Pity poor Newcastle fans having their emotions pulled around by the latest developments in the murky, year-long Saudi takeover torture.

Where do the chances of a Saudi Arabia funded revival at St James’ Park stand today?

Certainly no further forward, and possibly damaged, if that was possible.

Claims that Saudi ruler Prince Mohammed bin Salman personally lobbied PM Boris Johnson to force the Premier League to approve the £300m deal – denied by the Government – is a mere blip in a saga that continues to divide, enrage and intrigue.

Glory and goal celebrations, it most certainly isn’t.

“We expect the English Premier League to reconsider its wrong conclusion….” bin Salman is said to have written to Johnson.

There also came a warning that Anglo-Saudi relations would be damaged unless he got his way.



Fans deserve some clarity on the future ownership of Newcastle United

This appears to be an own goal by bin Salman. Among many.

On one hand the Saudi government sovereign wealth vehicle, the Public Investment Fund, claim bin Salman, and the state, wouldn’t be the ultimate owner of Newcastle United, and that there is legal separation.

But here is the Crown Prince, who is also Chairman of the PIF, with several government ministers on the board, said to be making personal demands on its behalf, and linking it to Saudi trade.

There is already a load of evidence of MBS’s control over the PIF, including speeches and government propaganda, but this just adds another problematic layer for Mike Ashley’s current legal battle with the Premier League.

The irony of this latest twist, tied up in a wider story of back channel lobbying, is that it failed.



Saudi Crown Prince Mohammed bin Salman
Saudi Crown Prince Mohammed bin Salman

Indeed, the Amanda Staveley-led consortium are big supporters of the Conservative Party, and might have thought their unswerving loyalty to the Tory cause might be noticed. Staveley’s PCP Capital Partners would have earned a 10pc stake if the deal went through.

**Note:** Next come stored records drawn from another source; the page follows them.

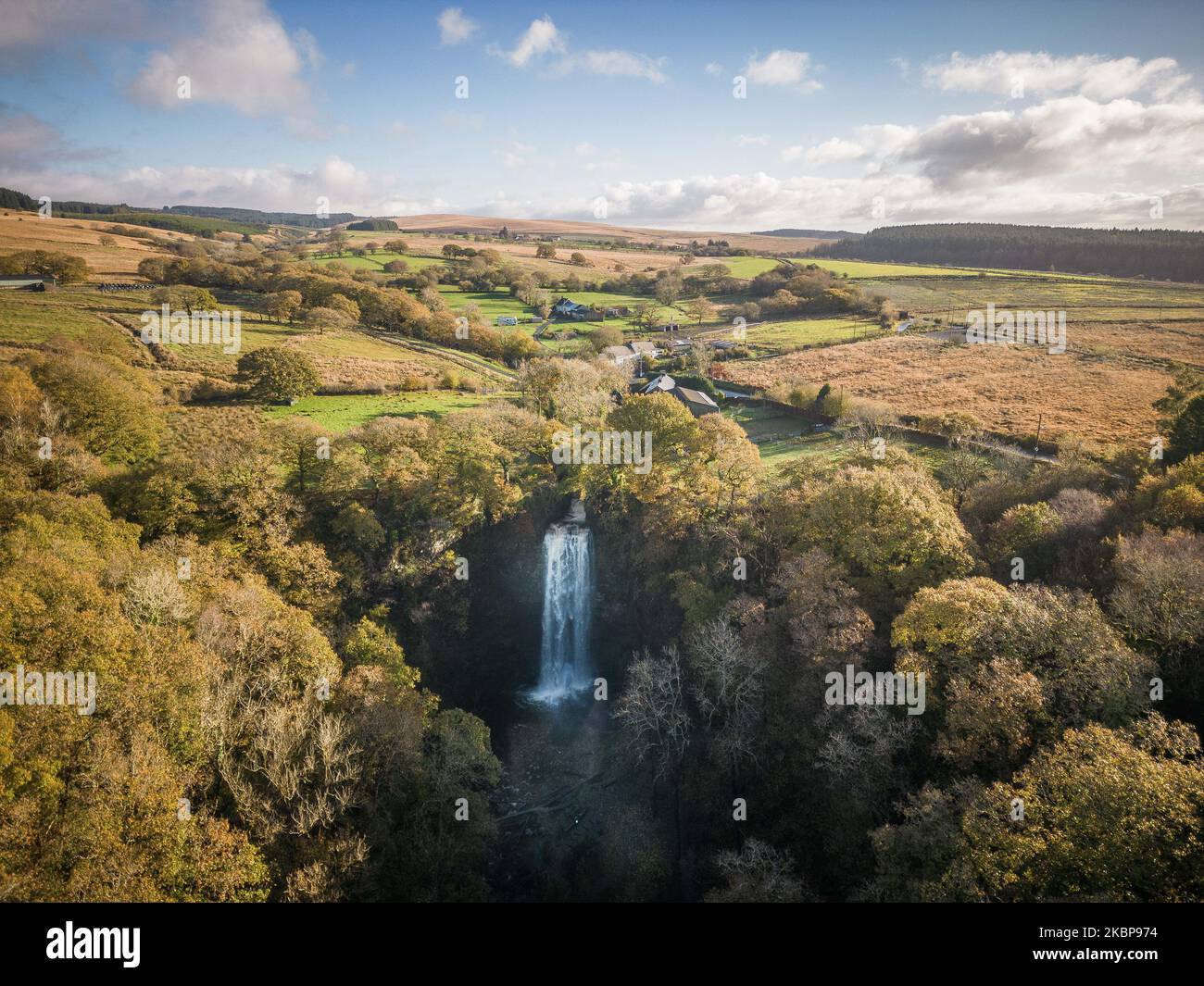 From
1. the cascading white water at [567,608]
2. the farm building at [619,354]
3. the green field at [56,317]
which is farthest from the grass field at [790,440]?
the green field at [56,317]

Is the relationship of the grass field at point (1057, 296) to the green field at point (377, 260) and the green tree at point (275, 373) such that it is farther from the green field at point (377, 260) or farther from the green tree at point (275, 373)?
the green tree at point (275, 373)

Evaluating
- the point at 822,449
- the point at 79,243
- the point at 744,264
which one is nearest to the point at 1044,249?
the point at 744,264

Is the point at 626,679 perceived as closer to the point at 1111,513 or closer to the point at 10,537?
the point at 1111,513

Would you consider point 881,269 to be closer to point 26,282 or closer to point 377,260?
point 377,260

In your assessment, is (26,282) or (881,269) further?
(881,269) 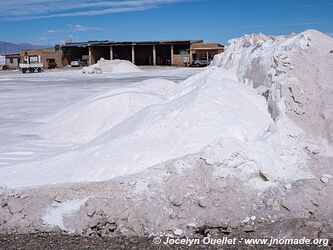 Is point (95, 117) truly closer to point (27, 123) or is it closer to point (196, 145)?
point (27, 123)

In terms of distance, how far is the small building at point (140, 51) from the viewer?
49844 mm

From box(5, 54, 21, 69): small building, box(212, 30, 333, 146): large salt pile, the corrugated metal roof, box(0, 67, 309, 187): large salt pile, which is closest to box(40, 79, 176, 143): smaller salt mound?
box(0, 67, 309, 187): large salt pile

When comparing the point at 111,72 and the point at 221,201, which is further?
the point at 111,72

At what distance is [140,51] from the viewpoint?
54.8 meters

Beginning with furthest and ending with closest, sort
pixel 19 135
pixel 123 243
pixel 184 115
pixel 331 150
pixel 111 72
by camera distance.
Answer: pixel 111 72
pixel 19 135
pixel 184 115
pixel 331 150
pixel 123 243

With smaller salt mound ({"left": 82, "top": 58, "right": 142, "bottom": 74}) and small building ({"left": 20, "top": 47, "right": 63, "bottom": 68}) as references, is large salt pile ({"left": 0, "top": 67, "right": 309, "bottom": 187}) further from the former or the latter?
small building ({"left": 20, "top": 47, "right": 63, "bottom": 68})

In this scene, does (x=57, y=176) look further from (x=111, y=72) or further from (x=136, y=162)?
(x=111, y=72)

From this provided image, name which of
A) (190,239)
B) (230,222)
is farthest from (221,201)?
(190,239)

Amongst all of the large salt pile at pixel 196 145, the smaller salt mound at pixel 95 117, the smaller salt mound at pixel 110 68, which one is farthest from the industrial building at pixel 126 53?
the large salt pile at pixel 196 145

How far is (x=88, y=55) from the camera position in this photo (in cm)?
5494

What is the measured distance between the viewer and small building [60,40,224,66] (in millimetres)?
49844

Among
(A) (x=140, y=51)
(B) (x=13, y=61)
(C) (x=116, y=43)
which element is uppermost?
(C) (x=116, y=43)

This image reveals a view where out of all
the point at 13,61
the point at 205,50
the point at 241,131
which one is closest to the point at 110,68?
the point at 205,50

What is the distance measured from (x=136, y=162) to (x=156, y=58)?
48104mm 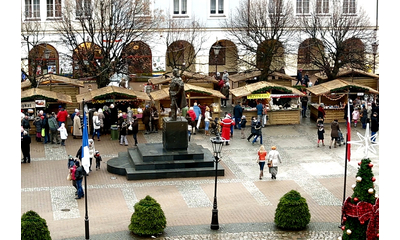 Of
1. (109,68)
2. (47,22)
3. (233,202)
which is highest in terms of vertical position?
(47,22)

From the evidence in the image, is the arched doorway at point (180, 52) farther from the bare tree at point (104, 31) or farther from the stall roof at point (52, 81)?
the stall roof at point (52, 81)

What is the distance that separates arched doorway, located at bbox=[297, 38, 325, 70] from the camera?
4775cm

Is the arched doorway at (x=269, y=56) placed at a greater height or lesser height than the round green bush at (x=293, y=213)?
greater

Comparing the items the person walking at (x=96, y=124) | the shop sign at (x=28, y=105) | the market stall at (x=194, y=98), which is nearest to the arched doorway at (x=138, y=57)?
the market stall at (x=194, y=98)

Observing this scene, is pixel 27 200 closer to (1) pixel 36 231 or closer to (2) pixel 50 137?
(1) pixel 36 231

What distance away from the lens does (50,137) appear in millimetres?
33031

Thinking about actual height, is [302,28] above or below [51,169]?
above

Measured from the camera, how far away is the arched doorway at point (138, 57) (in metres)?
43.4

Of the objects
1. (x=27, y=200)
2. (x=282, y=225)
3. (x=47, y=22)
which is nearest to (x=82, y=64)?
(x=47, y=22)

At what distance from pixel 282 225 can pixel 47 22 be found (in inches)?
1452

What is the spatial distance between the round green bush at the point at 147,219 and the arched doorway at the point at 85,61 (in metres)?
22.8

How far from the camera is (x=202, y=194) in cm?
2372

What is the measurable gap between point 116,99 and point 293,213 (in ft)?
60.1

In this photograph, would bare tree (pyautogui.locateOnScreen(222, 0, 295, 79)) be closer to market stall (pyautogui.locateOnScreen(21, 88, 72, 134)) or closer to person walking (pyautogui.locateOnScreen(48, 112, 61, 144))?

Before the General Election in December 2019, Staveley was one of 47 businesswomen to sign a letter slamming Jeremy Corbyn’s Labour Party, arguing Boris’s Brexit deal was a “huge advantage” and to “urge people to vote Conservative this Thursday to end the uncertainty, put Brexit behind us.”



Amanda Staveley, chief executive officer of PCP Capital Partners LLP
Amanda Staveley, chief executive officer of PCP Capital Partners LLP

Mayfair property Tycoon Jamie Reuben, who was also to take a 10pc stake in Newcastle United as part of the Saudi deal, is reported to have donated around £580,000 to the Tories between October 2019 and March 2020.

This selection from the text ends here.